Dans le même temps, les cantines s’efforçaient de résoudre le problème des pénuries alimentaires : par exemple, on ajoutait beaucoup de pain aux boulettes de viande (cette tradition existe toujours) et les salades de légumes étaient assaisonnées de mayonnaise bien grasse pour augmenter la teneur en calories.
Travailler dans la cantine d’une grande entreprise était considéré comme une bonne opportunité : on pensait toujours que quelque chose pourrait être rapporté à la maison. Dans les années 1930, la journée du poisson a été introduite le jeudi : on servait uniquement des plats à base de poisson dans les cantines.

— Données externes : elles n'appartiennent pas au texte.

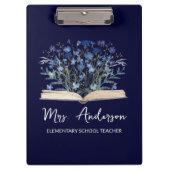 Blue Wildflowers Grow From Book Teacher Klemmbrett (Vorderseite)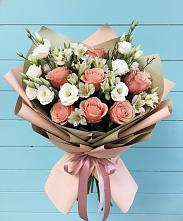 Букет цветов из:  Розы, Альстромерии и Лизиантусы в Опарино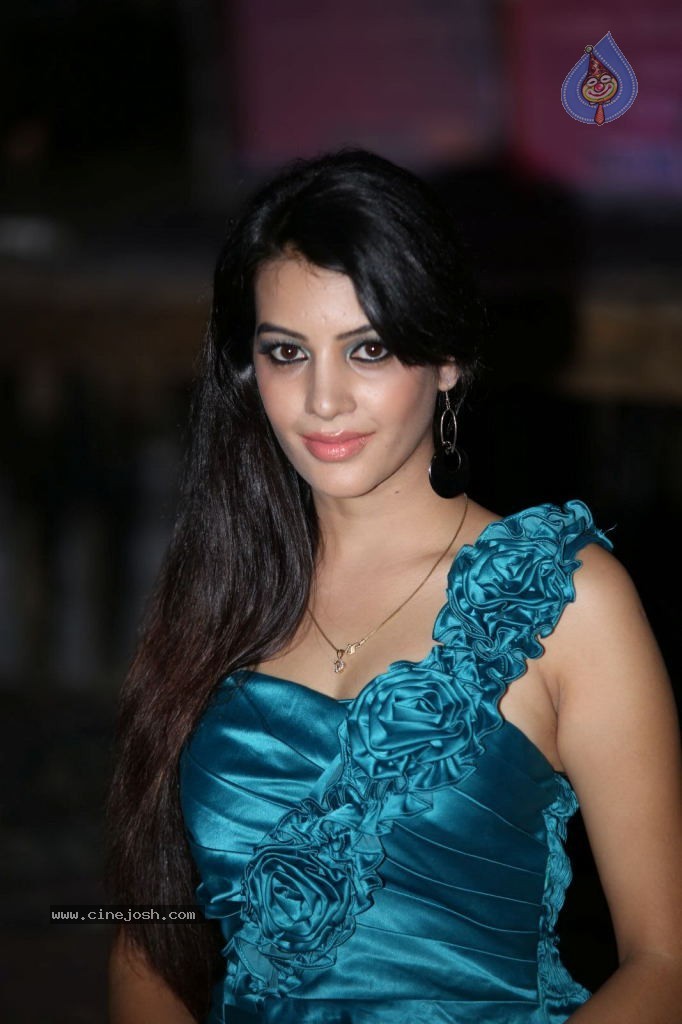 Deeksha Panth Hot Stills - 59 / 101 photos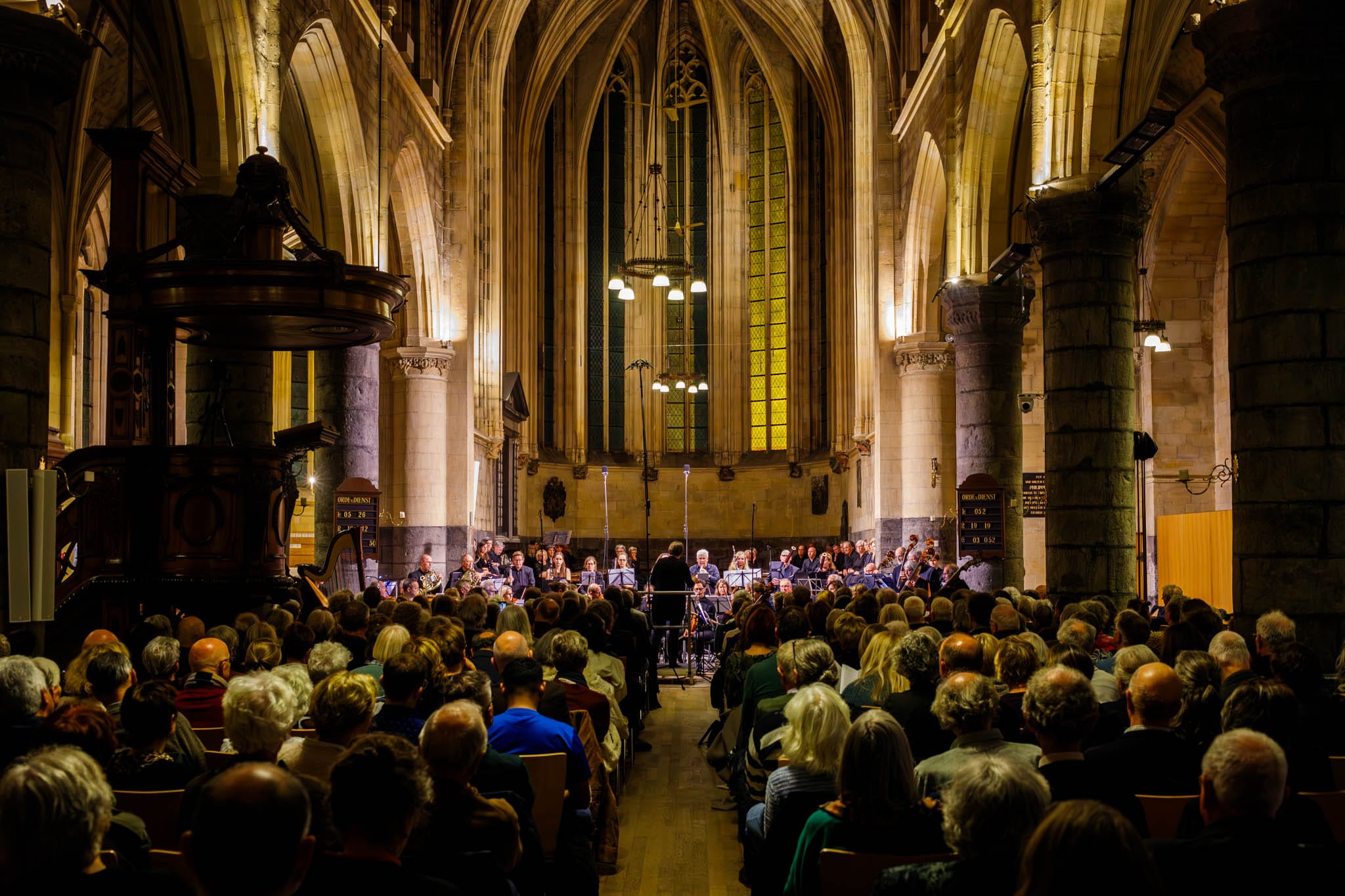 Allerzielenconcert Symfonieorkest ArkA met Vocal Groep Odeon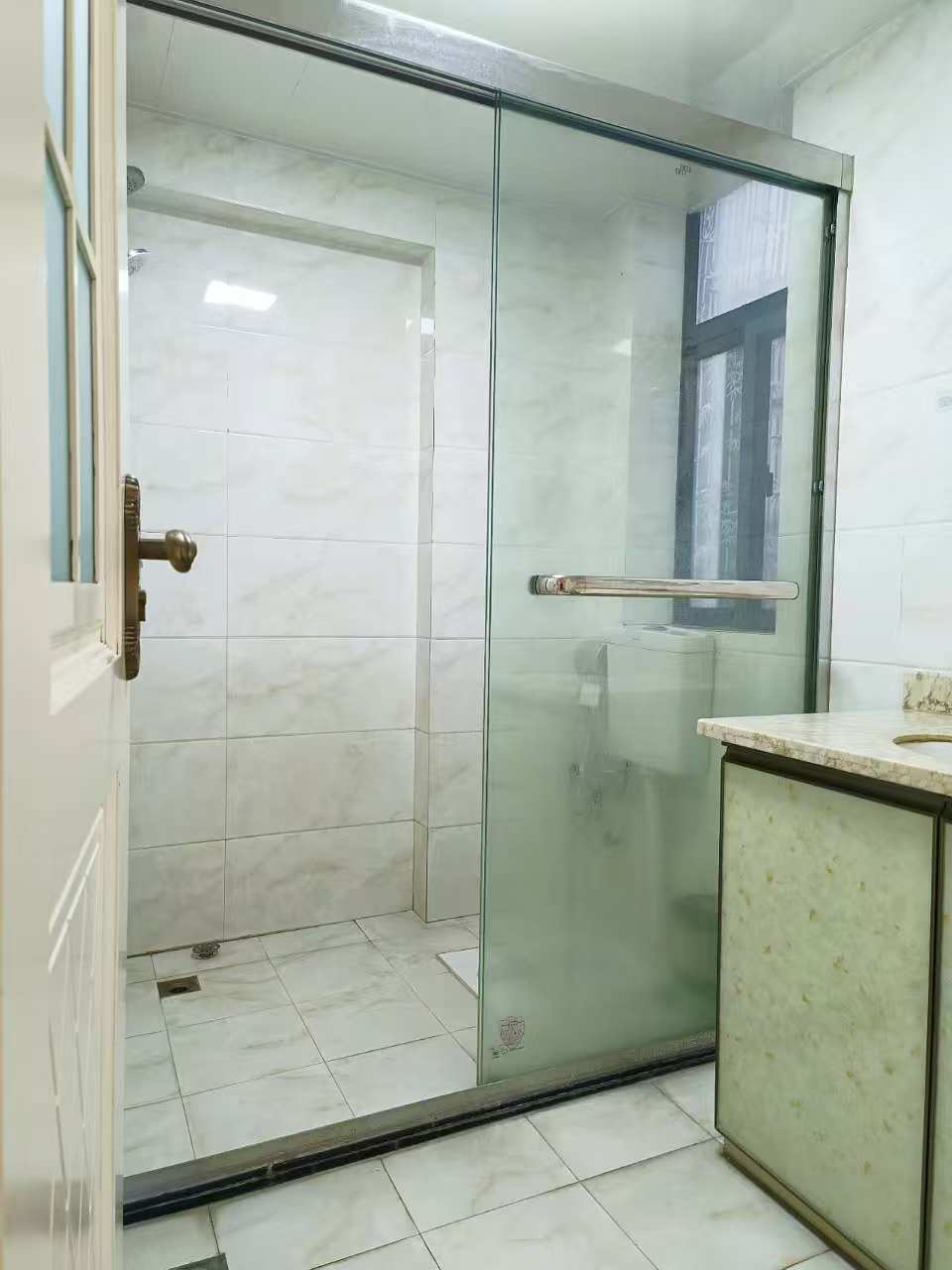 环强御景湾  3室2厅1卫    2600.0元/月
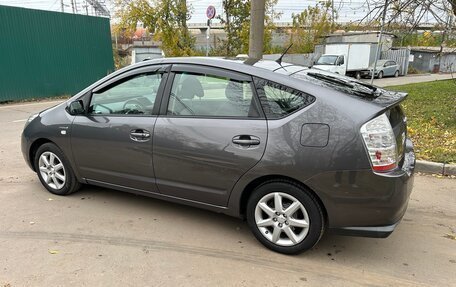 Toyota Prius, 2008 год, 850 000 рублей, 4 фотография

Dans les années 1960, le concept de « déjeuner complexe » composé d’une salade, d’une soupe, d’un plat principal et d’une boisson (kissel’ ou kompot, une boisson à base de fruits secs) est apparu dans les cantines soviétiques. Pour le dîner, un morceau ou une boulette de pain était servi gratuitement. Les plats alternaient en fonction du jour de la semaine. Les hits des cantines étaient les gâteaux au fromage blanc, l’omelette luxuriante et les beignets au fromage blanc, servis moyennant une somme supplémentaire.
Dans les écoles, les universités et les usines, les plats étaient à peu près les mêmes. Tout était préparé selon les normes d'État (GOST), ce qui impliquait la même composition et le même goût des plats dans toutes les cantines de toutes les villes soviétiques (bien que dans la pratique, bien sûr, ce ne fût pas le cas). Tout le monde n’aimait pas manger à la cantine ; les gens se plaignaient de la monotonie et de la qualité médiocre de la nourriture, mais il n’y avait pas de choix particulier pour un déjeuner rapide et économique. Les étudiants pauvres se souviennent avec plaisir qu’il était toujours possible d’obtenir quelques morceaux de pain gratuitement et même de les saupoudrer de sucre ou de sel.
Des restaurants de restauration rapide sont apparus à la fin de l'Union soviétique : le premier McDonald's ouvert à Moscou en 1990 a provoqué un véritable émoi. Les gens réalisaient des files d'attente interminables pour goûter un hamburger.